Here’s a book you might like, though perhaps you know it already: it was published in 2016.
It’s The Wander Society by Keri Smith, who describes herself on her website as ‘Artist, polymath, illustrator, explorer, conceptual thinker, subverter, mystic, obsessive researcher, reader, querent, introverted, experimenter, honest, curious, maker, defender of trees, defender of human rights, phenomenologist, philosopher, autodidact, LGBTQIA+ ally, inventor.’
Sounds like a full life.
The book’s McGuffin is that Smith bought a secondhand copy of Walt Whitman’s Leaves of Grass, and found it contained annotations such as ‘WW will show you the way,’ ‘Solvitur Ambulando,’ along with the name of the Wander Society and its lightning bolt symbol.

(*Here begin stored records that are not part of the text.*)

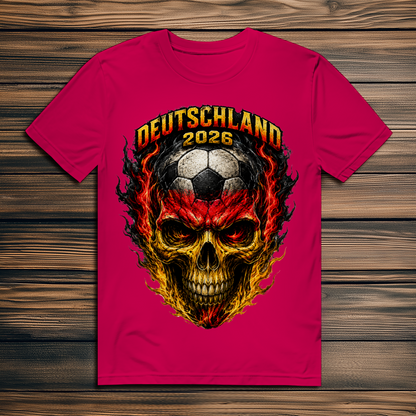 Herren Premium Bio T-Shirt WM Totenkopf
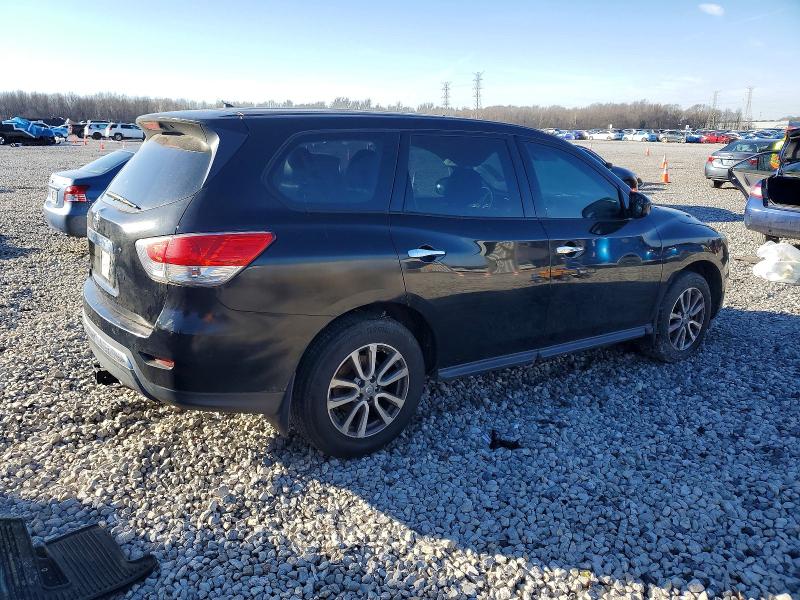 Photo 3 from auction – 2014 NISSAN PATHFINDER with VIN 5N1AR2MN4EC649376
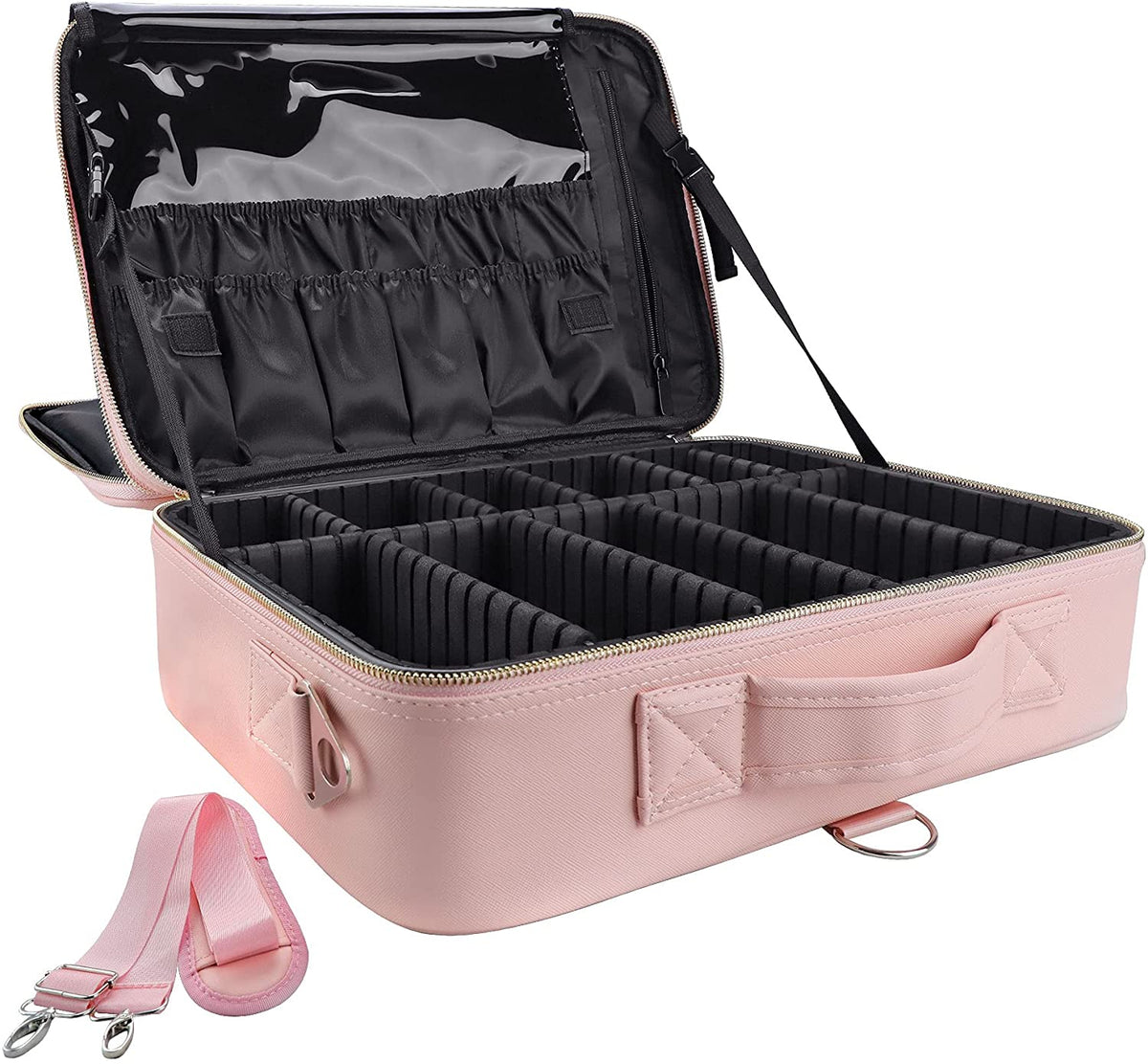 Large Cosmetic Makeup Case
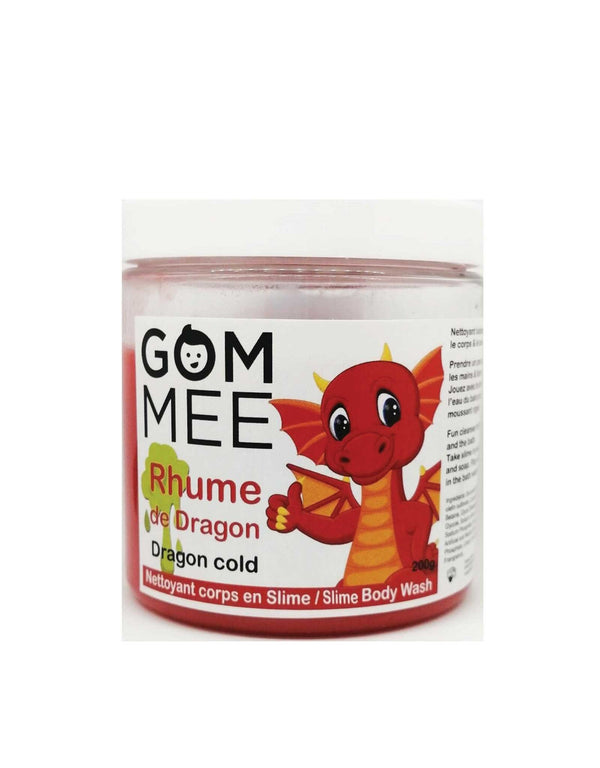 Nettoyant pour le corps - Slime rhume de dragon Default marque  GOM.ME vendu par Veille sur toi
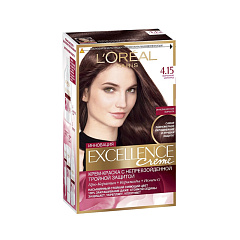 Крем-краска для волос L'Oreal Paris Excellence т.4.15 Морозный шоколад 192 мл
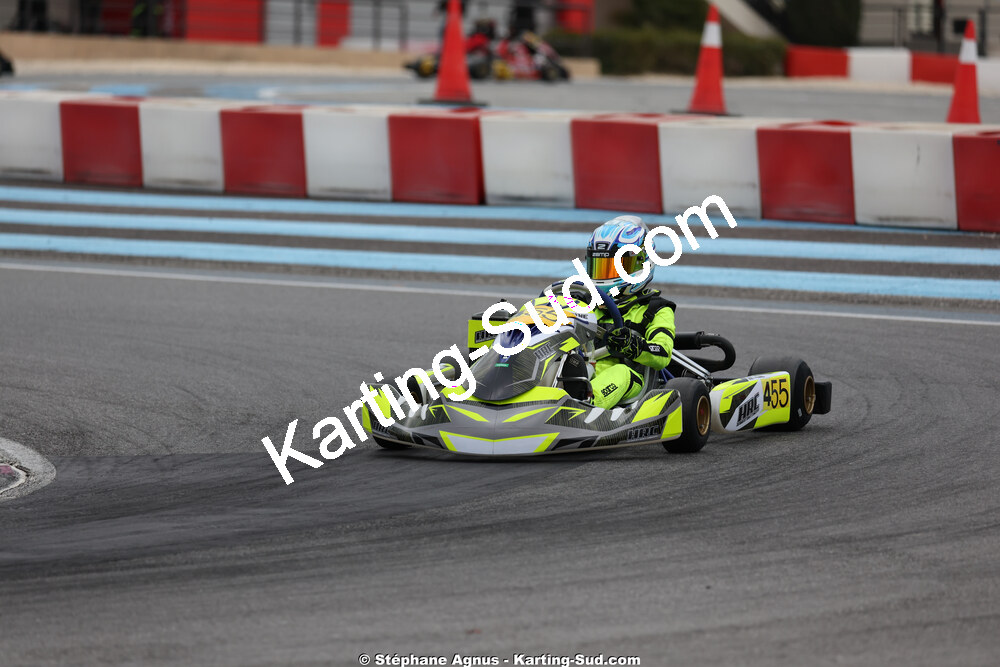 21 & 22/03/2026 : 2ème manche Championnat de Ligue PACA au Paul Ricard (photos Stéphane Agnus) 2026 — karting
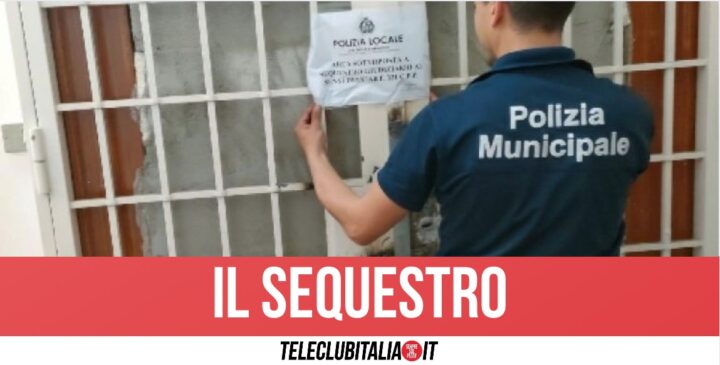 Giugliano Sequestrate Villette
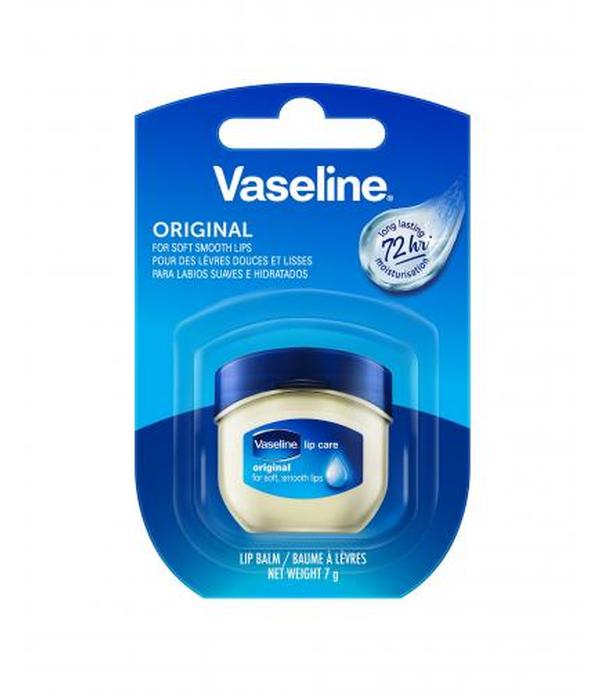 VASELINE Balsam do ust ORIGINAL, 7 g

In due course she sleuthed out more information, became a member, and she thinks that you, the reader, might want to do the same.
The conceit is sustained online by a modest Wander Society website, and the book comes with a quasi-academic introduction by the, I assume, fictional Professor J. Tindleman.
The book is a handsome object containing texts, manifestos, graphic art, photographs, diagrams, meditations, suggested ways of walking (some familiar, some not), quotations from walkers and wanderers, booklists of recommended reading. And yes, you will find Nicholson’s The Lost Art of Walking in the same list as Perec, Sebald, Dickens, Gary Snyder and Nick Papadimitriou, among others. Cool.
Some of the ideas may be familiar to experienced walkers, not to say psychogeographers, but of course walking and wandering are not quite the same thing, and Smith assures us it’s OK to wander via the imagination or literature.
I was very taken by a section titled ‘Slow Walking’ in which Smith says, ‘Slow down your pace to at least half speed, slower if you can … There is no need to speed up. Everything you need is right here.’
At a time when I constantly read about the many health benefits of walking ‘briskly’ I find this wonderfully refreshing.
Then, as luck or fate would have it, quite unconnected with Keri Smith as far as I’m aware, I came come across this photograph on the Instagram feed of artist Robert Bean. (Hi Robert!).
Both he and Keri Smith are Canadian though I don’t know if that’s at all significant.
I assume those carved shoes are ‘simply’ art or decoration, but after reading Keri Smith I can’t help wondering if it’s the symbol of some clandestine organisation of walkers, or possibly of shoe fetishists. I’m no conspiracy theorist but I do like the idea of a universe of secret societies, none of which (I assume) would want me as a member.